In a situation like this, I have to keep telling myself that I braced for the inevitable. I have to tell myself that, although artificially prepared, there were two ways that things could have unfolded. One of these paths was a fantasy, complete with scenarios manifested by idealistic dreams of interaction between another human being and myself, so harmonious that the melding of two individuals would have been a thing of organic beauty, and a treasure admired by others around us. A path of giggles and laughs, feelings of love and lust, and the actual practice of much pondered best case scenarios that have been adopted and shaped by the forces of past experiences of life. A warm bed on a cold morning that is so picturesque and comfortable, leaving it would be an atrocity to ones desires. The benchmark of perfection produced by an idealistic situation.

Of course, there is always an equally opposing path. One that is filled with selfish reflection of wrongdoing. One that is filled with the frustration of hypothetically allowing myself, once again, to sit too close to the fire while I was in a tired eye, euphoric state, that posed the very real possibility of being briskly swept away into a much needed deeply sweet sleep, leading to the accidental burns of a careless man.
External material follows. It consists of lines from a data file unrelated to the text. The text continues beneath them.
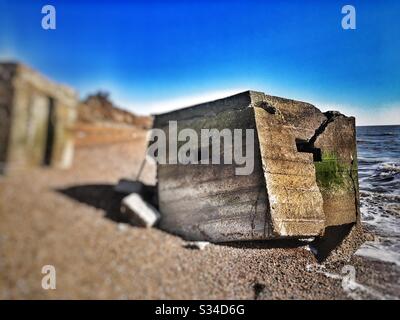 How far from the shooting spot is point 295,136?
181 inches

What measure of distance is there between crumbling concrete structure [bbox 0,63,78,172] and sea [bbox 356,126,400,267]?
181 inches

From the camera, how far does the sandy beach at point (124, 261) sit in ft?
11.2

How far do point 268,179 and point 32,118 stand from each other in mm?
3001

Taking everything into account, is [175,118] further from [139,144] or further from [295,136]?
[295,136]

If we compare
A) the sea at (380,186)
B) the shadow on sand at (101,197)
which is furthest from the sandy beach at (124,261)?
the sea at (380,186)

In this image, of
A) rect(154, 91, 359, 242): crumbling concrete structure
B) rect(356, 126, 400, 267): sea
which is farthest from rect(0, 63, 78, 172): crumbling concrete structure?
rect(356, 126, 400, 267): sea

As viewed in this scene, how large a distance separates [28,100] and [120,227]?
2.22 m

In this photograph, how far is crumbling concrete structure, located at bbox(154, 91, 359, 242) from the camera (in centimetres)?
410

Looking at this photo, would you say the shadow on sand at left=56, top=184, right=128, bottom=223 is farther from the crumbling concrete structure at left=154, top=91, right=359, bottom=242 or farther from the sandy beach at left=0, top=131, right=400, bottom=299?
the crumbling concrete structure at left=154, top=91, right=359, bottom=242

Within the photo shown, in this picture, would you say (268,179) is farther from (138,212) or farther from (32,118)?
(32,118)

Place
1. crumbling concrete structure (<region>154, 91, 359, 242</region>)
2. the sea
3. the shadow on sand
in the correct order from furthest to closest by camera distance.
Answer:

One that demands a play by play recap of events, in an effort to recognize these signs in case the situation ever presents itself again. After all, the definition of insanity is to repeatedly attempt the same behavior while expecting a different result.

I regret nothing, as this is how I choose to live life. I put myself into positions that will allow me to feel the relief of mist on overheated, irritated skin. Once again, without the bitter...

I cant help but wonder though. When will it be my time for some sweet?

You shall be missed as the burns heal, but your smile will replay in my mind always, and your beauty, both inner and exterior, will never be forgotten.